There are those days when there are so many things on your mind that you completely zone out, probably holding your phone. And when your smartphone drops, your heart stops as you pick it up and pray not too many scratches made their way onto it. According to some chemists, you may not have to worry too much about that in the near future.

The ‘Wolverine Inspiration.’

When Dr. Chao Wang of the University of California, Riverside stood up to address the gathering of the 253rd National Meeting and Exposition of the American Chemistry Society, he stated, “I was inspired by my favorite childhood hero-Wolverine.”

Wolverine is the X-man movie fictional character who fights the bad guys without fear because he has one unique property- he can self-heal. Dr. Wang said that he took this property that his hero had to come up with an amazing invention. He, along with a team of other chemists, got together and made a self-repairing polymer that is now being considered the next big thing for the smartphone industry.

When you touch your smartphone’s screen, there is a procedure that occurs before your phone does as you instruct it to do. Smartphone screens have electrodes beneath them. When you touch your screen, you complete the circuit on the display so that the command is successfully issued and executed by your phone’s software.
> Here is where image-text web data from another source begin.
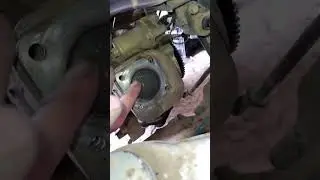 Ремонт скутера Honda dio 35. Розібрав двигун. Частина 3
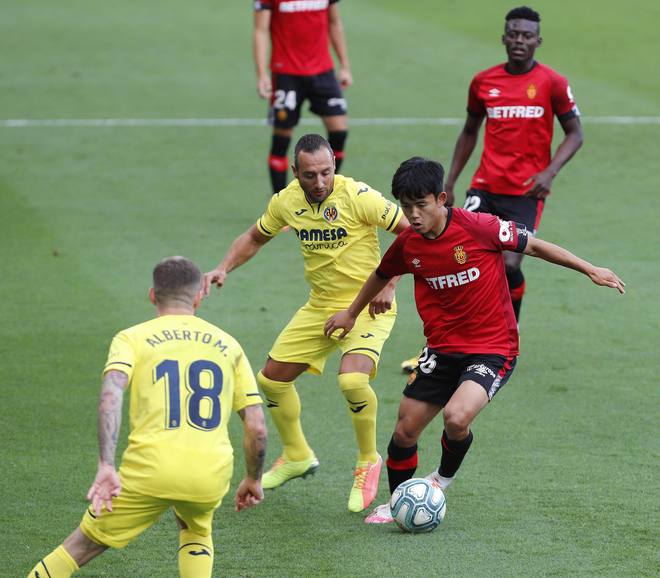 久保建英とビジャレアル~「無双の19歳」と「育成の楽園」(1)会長の求めた“変化”の画像
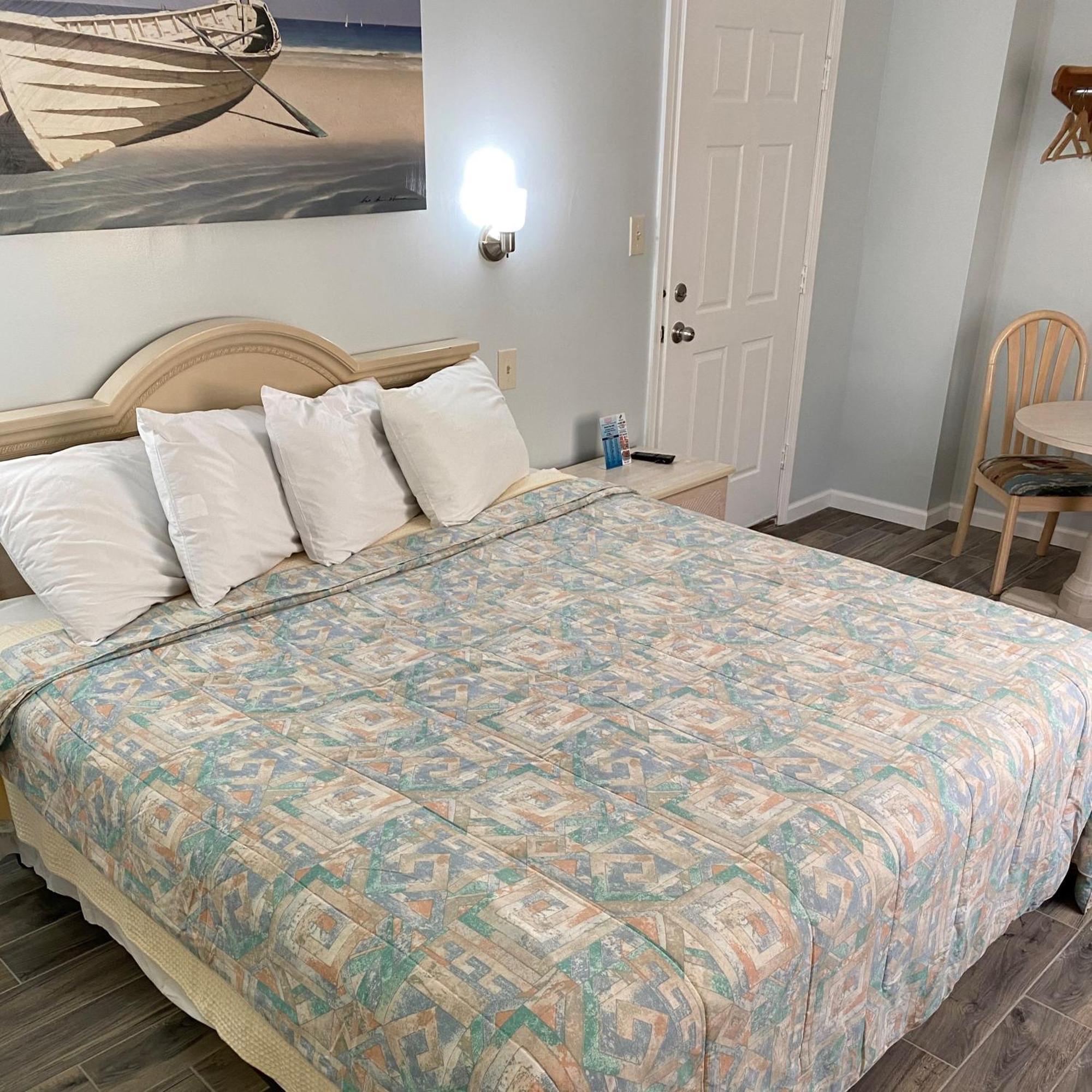 Roman Holiday Resort North Wildwood Esterno foto
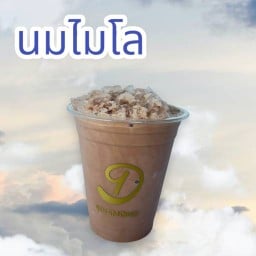 นมไมโล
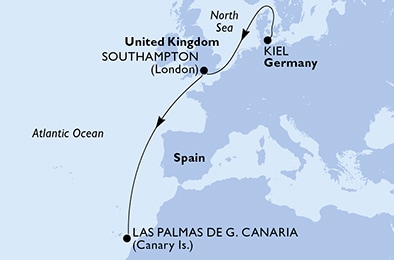 MSC EURIBIA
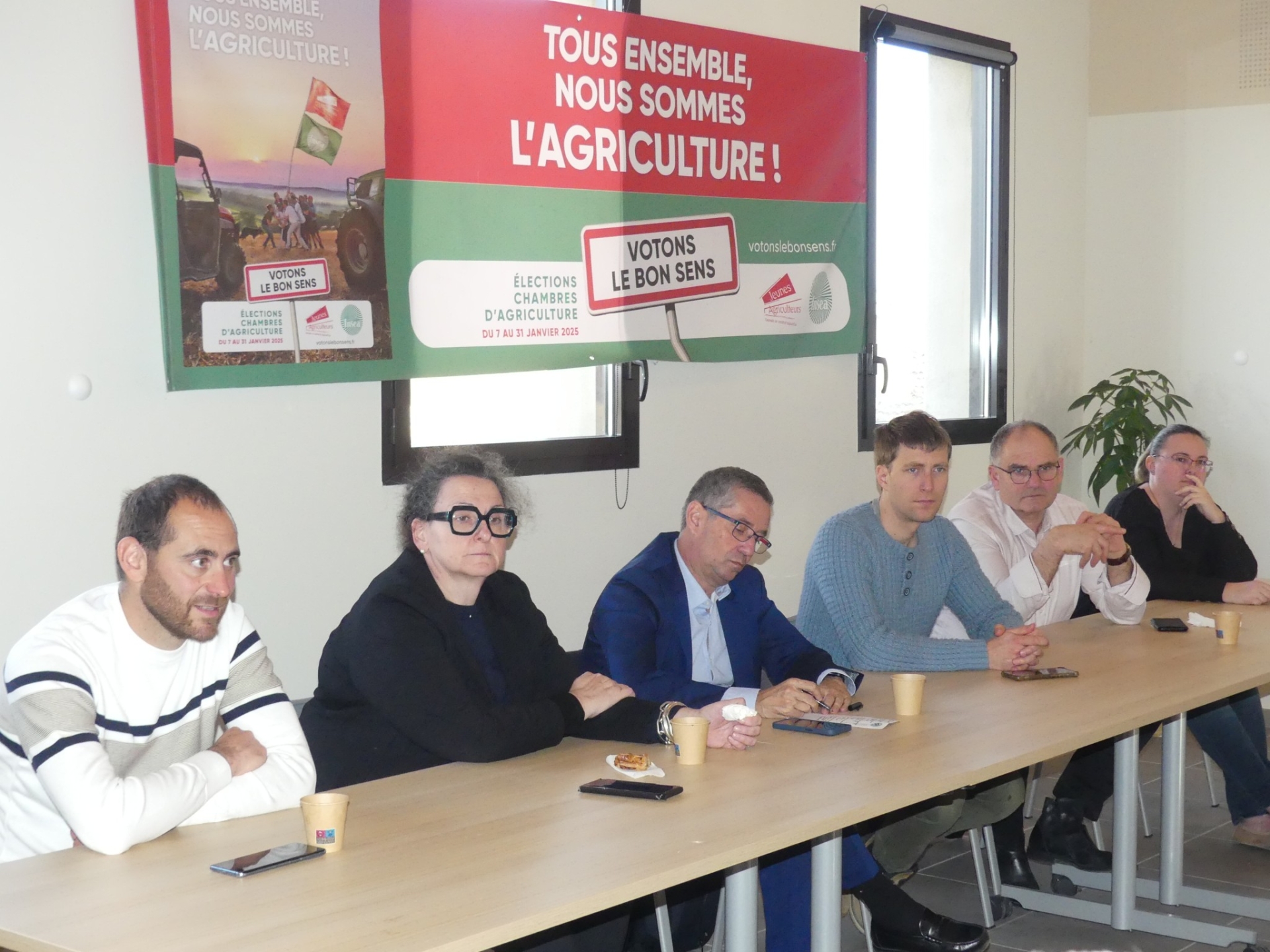 « Se donner les moyens d’aller conquérir des parts de marché »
That’s because your screen is made of conductors and your hand is a conductor by itself (that’s why people stay away from lightning).

Previously, companies such as LG have been able to manufacture smartphone backs from the self-repairing material but never the screen because there had been no conductive, repairable materials available. Wang’s new polymer might change that.

The Solution

Wang and his team made several tries as they came up with the polymer in question. According to Wang, the team could not use covalently bonded materials because these could not self-repair. Materials with hydrogen bonds could self-repair and be flexible, but they could not conduct electricity. So Wang and his team decided to try out an ion-dipole interaction. “Previously, the [ion-dipole] interaction was used because it is conductive, but it was the first time we used it for its self-repair properties,” Wang commented.
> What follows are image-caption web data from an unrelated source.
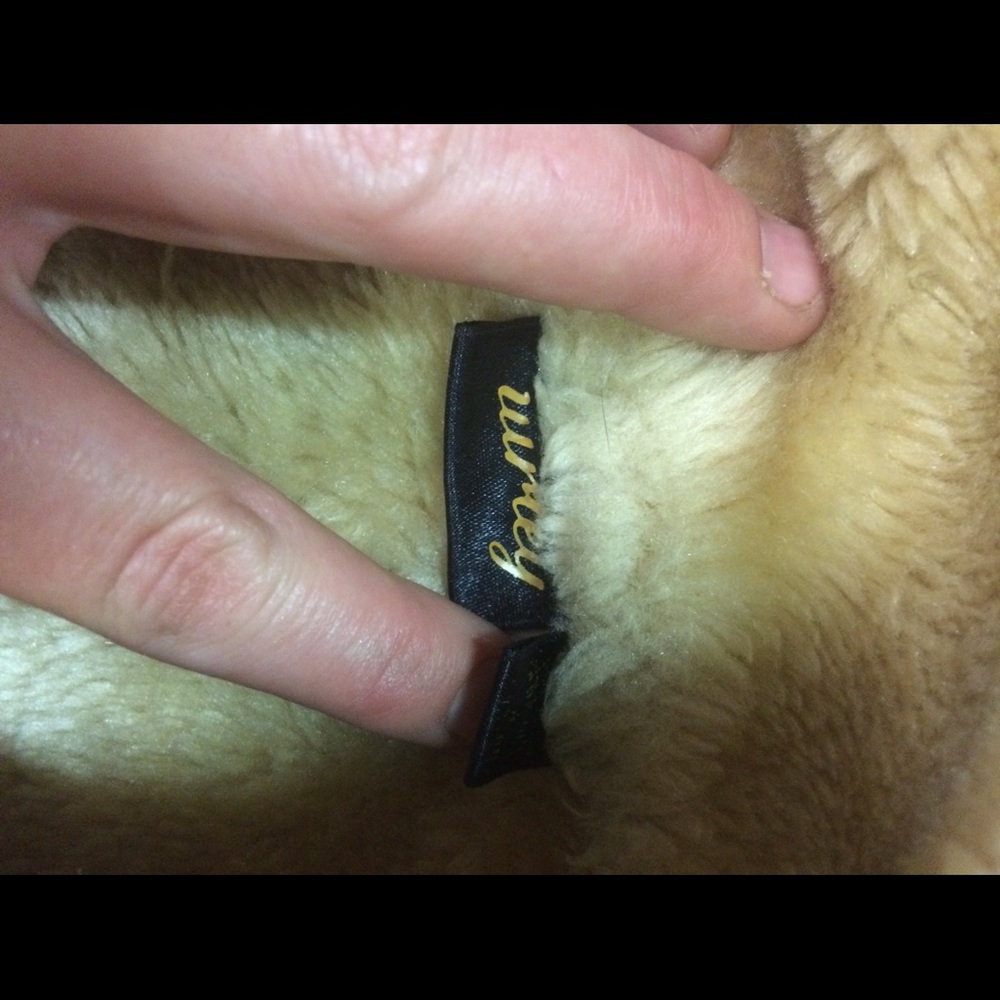 Hurley coat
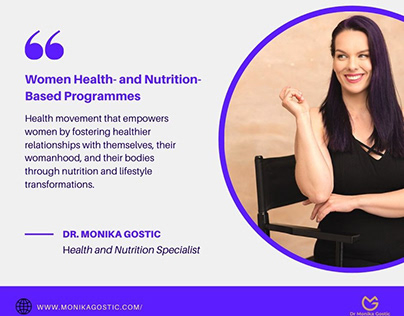 Women Health- and Nutrition-Based Programmes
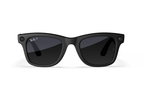 Ray-Ban Meta Wayfarer Gen 1 AI Smart Glasses Polarized Gradient Graphite Lens Matte Black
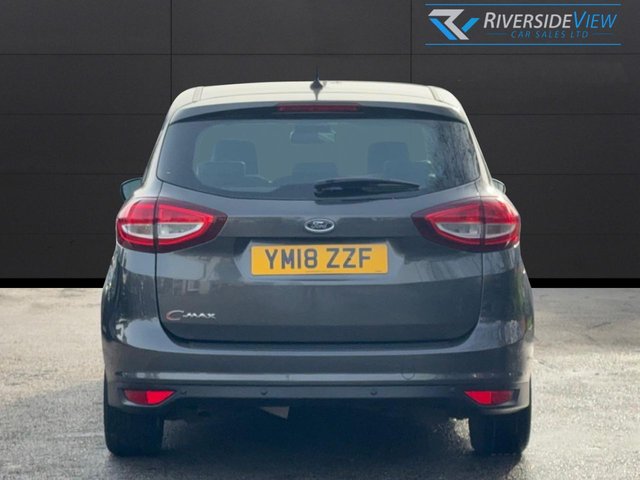 2018 FORD C-MAX - Photo 6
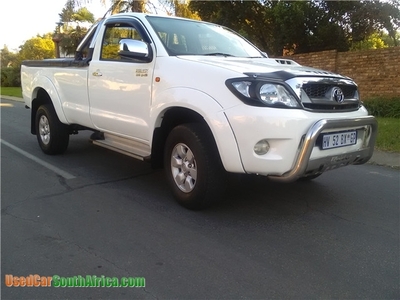 2011 Toyota Hilux 2.4 d4d used car for sale in Brits North West South Africa - OnlyCars.co.za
To make the material, the chemists combined a stretchable polymer for its dipoles and an ionic salt for its ions to create the interaction. The team observed that the combined compound not only could conduct electricity but also stretched to up to fifty times its original length. Furthermore, when the researchers applied pressure that snapped the compound in half, they realized the following day that the compound had already regained its previously undamaged condition!
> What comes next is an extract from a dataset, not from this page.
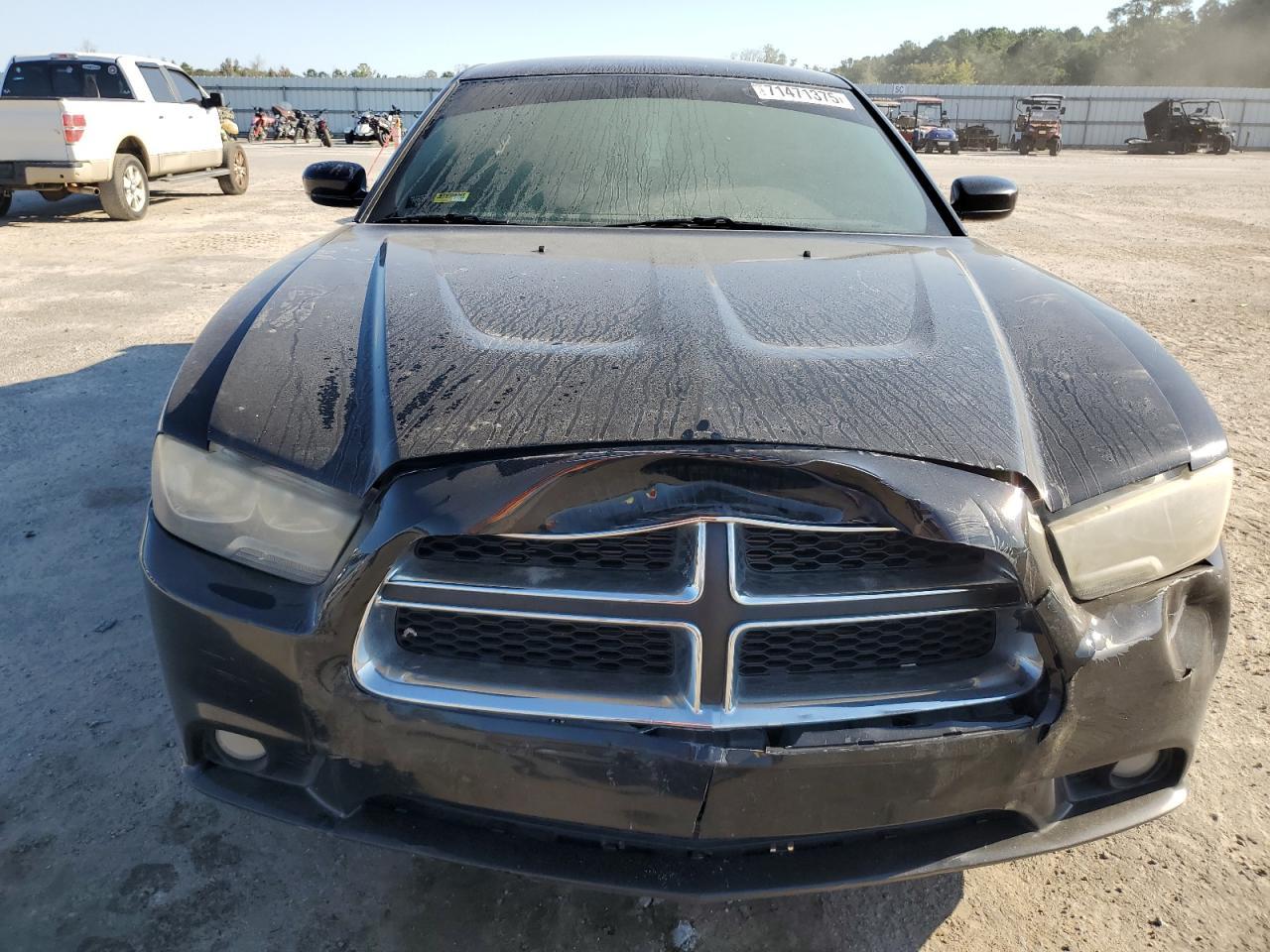 2012 Dodge Charger Sxt - Фото 5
Wang is excited about this new finding because he thinks it will revolutionize muscle prosthetics as well as smartphone technology in future. “We expect that this technology will be in the market three years from now,” he said.

Self-repairing technology will mean no more screen replacements or new phones every once in two years. Because the materials for making the compound are readily available, commercialization would be cheap. Wang is hopeful that his team can find a way to make the compound withstand high humidity, the problem that has encumbered self-repairing technology so far. It would help speed up the commercialization, he remarked.